A grand works in a different way. This is because instead of using a spring to return the action to a reset position, it uses gravity. There is also an extra part to the whippen called a “repetition lever” which resets the jack so quickly that you can play the note again, with having to return the key to the fully “up” position. This allows for a much faster repeat, and is one of the main benefits of a grand over an upright. Because it uses gravity instead of springs, the touch is more consistent. Also, because of the repetition lever, each key has a noticeable little click that you can feel near the bottom of the key stroke. You can feel it, but you can’t hear it. Good pianists can use this to increase the accuracy of their touch.
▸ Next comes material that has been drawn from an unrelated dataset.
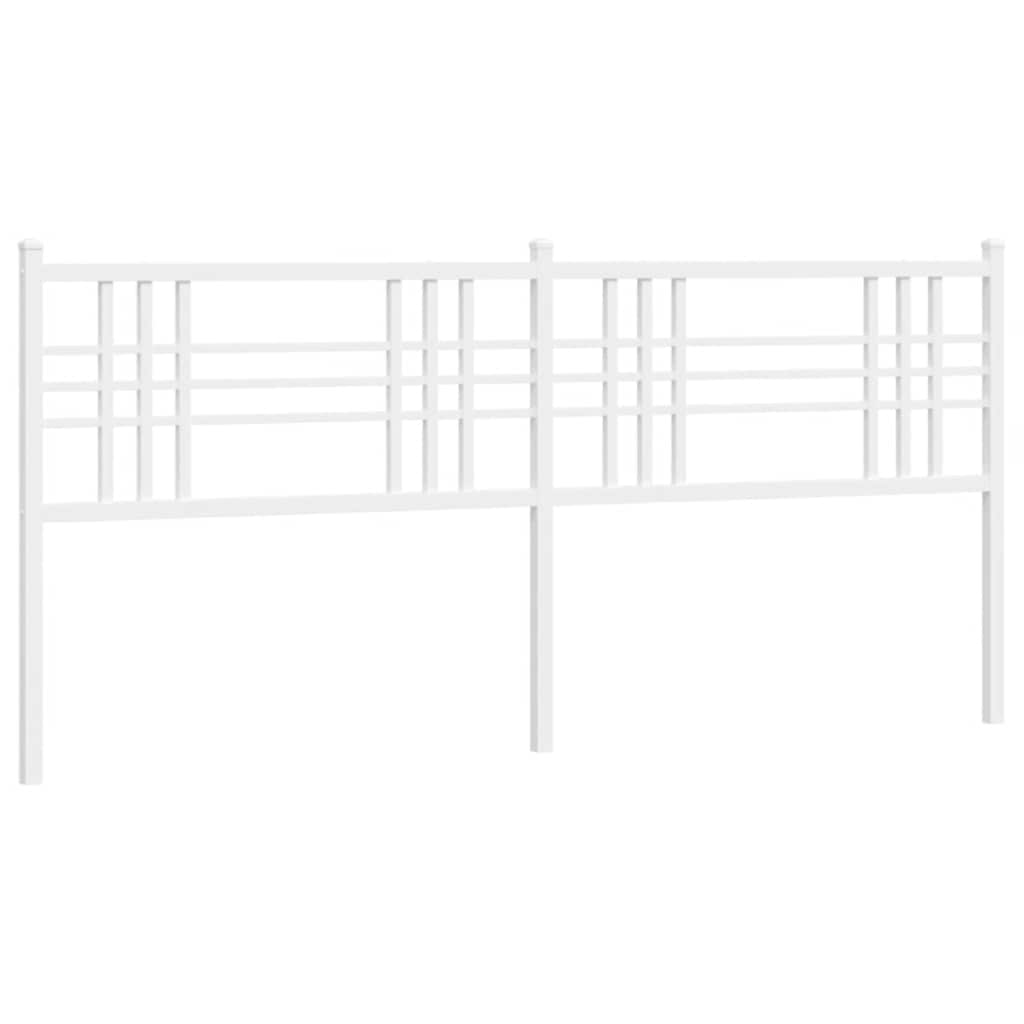 vidaXL Metal Replace Headboard White 180cm 2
That was the nutshell, here’s the meat: Every moving part in a piano is adjustable to a certain extent – some have adjustment mechanisms built in, others are made to tolerances that can only be changed using very specialized tools. There is a roughly universal value to some of the movements of the action parts, however they can differ from piano to piano, make to make. How high a key sits, for example, is based on having a small gap between the top of the keytop tail, and the bottom of the fallboard. However, wood warps and wears, so the height is adjustable by using small paper washers of different thicknesses underneath the fulcrum of the key.

How far it depresses is also (relatively) standard, but the felt washer underneath the key not only can vary slightly in thickness, but it compresses. Therefore, paper washers underneath that felt Front Rail Punching regulate the “Dip” of the key to the desired amount.
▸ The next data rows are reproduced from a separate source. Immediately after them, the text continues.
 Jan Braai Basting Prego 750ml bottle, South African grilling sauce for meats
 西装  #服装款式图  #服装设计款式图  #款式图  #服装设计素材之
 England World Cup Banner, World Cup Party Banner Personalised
The key body is weighted with small lead weights to not only ensure that the key has a certain amount of resistance, but to also ensure that it will return quickly to the rest position quickly. These weights are installed in the factory, and although they can be removed or repositioned, it is a complicated process which should only be performed by a technician specifically trained to weight keys.

At the back of the key, an adjustable capstan “connects” the key to the action. If it is too low, there is space between the jack and the butt, which creates “Lost-Motion”. If the capstan is too high, the jack won’t reset underneath the butt.
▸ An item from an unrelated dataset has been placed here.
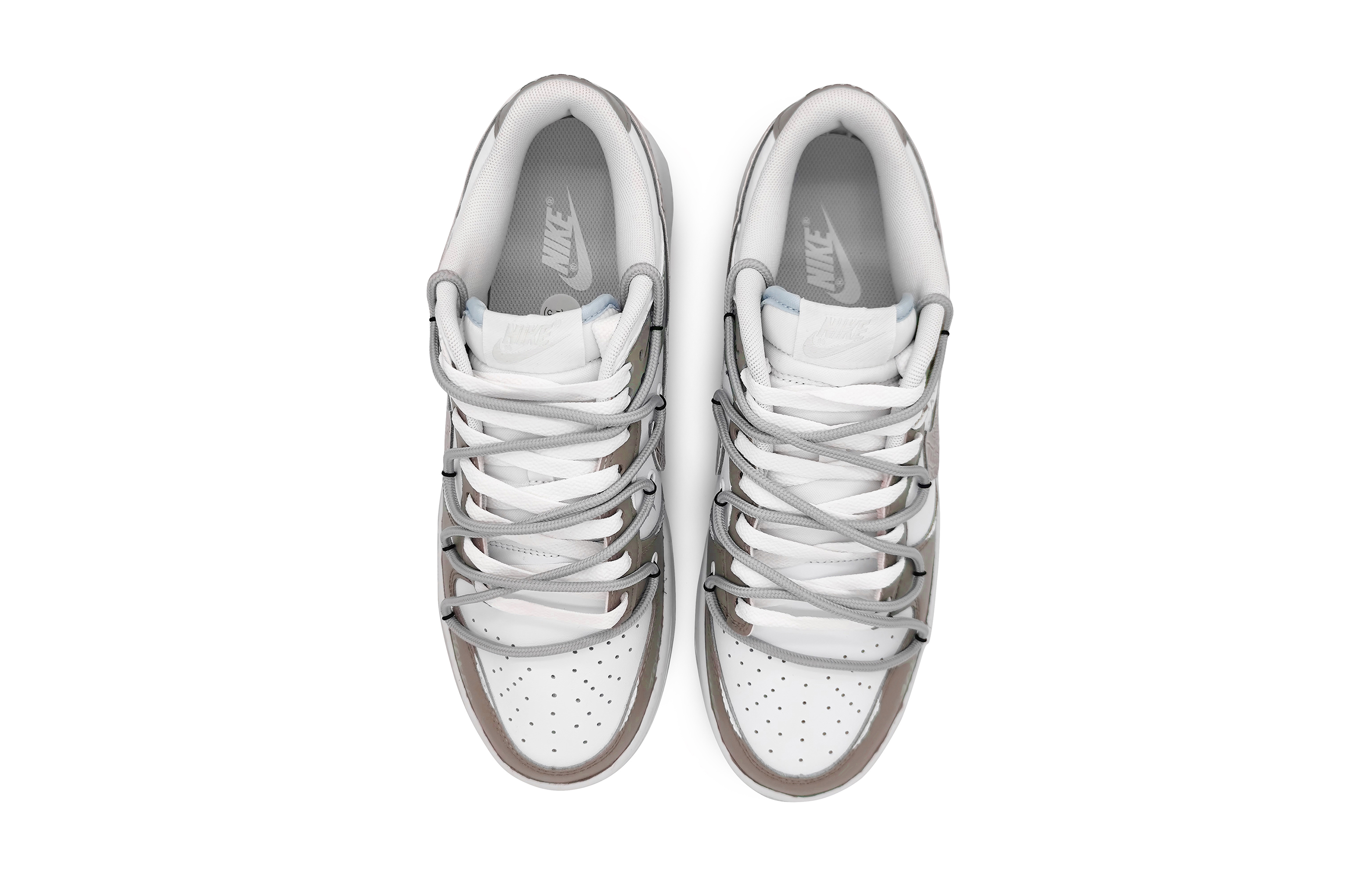 Shop [Zapatos Personalizados] Nike Dunk Low 'Poker Joker Gris-Marrón' DH9765-102(Team16-女款魔术空间灰棕)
There are adjustments all through the action like this, and although some tolerances can be reasonably large (such as spring tension), most have to be finely adjusted or the action will not play the way it was intended.

The overall geometry of the action is set during the design and building stage, and changing any of these measurements can literally make the piano unplayable. For example, the hammers must hit the string at a very precise point in its length, and a precise point on the hammer itself. If these are altered even a fraction of an inch, the tone of the piano will be negatively affected.

Even a seemingly small thing, like altering the size of the whippen heel by a few millimetres, can change the weight of the key from normal, to unbearably heavy.

Like the action, the tolerances and adjustments of the back and belly are many, varied, and critical. In order for a single string to have the correct tone, it must be exactly the right length, tension, and thickness. All these measurements must be in balance not only for that one string, but across all 240+ strings.

If you have to have a shorter string for the same note in a smaller piano, you have to increase the thickness, and this can negatively affect the tone – likewise if you increase or decrease the tension as well. If there is too much tension in one part of the back, that area could go out of tune faster than the rest of the strings. As you can see, getting all of these things (called “Scaling”) right, is complicated and critical. Each string is under a lot of tension – ranging from 120 – 160 lbs per inch. Across the whole scale, that adds up to 14 to 16 tons of pressure. That’s enough force to tear a two-car garage off its foundation, and because of this, not only does the plate and the back have to be very strong, it has to be designed to hold that tension, and more. Each string is held in place, and up to tension, by the tuning pin on one end, and by the anchor pin on the other end. A few (very terrible) manufacturers experimented with having anchor pins being cast into the plate. They soon found out that they could break off during stringing, shooting the pin like a bullet toward the stringer.

The tuning pin has to be tight enough so that it will hold the tension, but loose enough to be able to turn, enabling the string to be tuned. The pin has to be on a slight angle and set at a certain depth so that as the string is wrapped around itself, it makes a neat, tight wrap, and doesn’t wrap on top of itself.

The point at which the string interacts with the bridge is so critical, that not only does it have to be at an exact point on each string, it has to be at an exact height. An error in these measurements can not only ruin the pianos tone, but its ability to sustain the tone as well.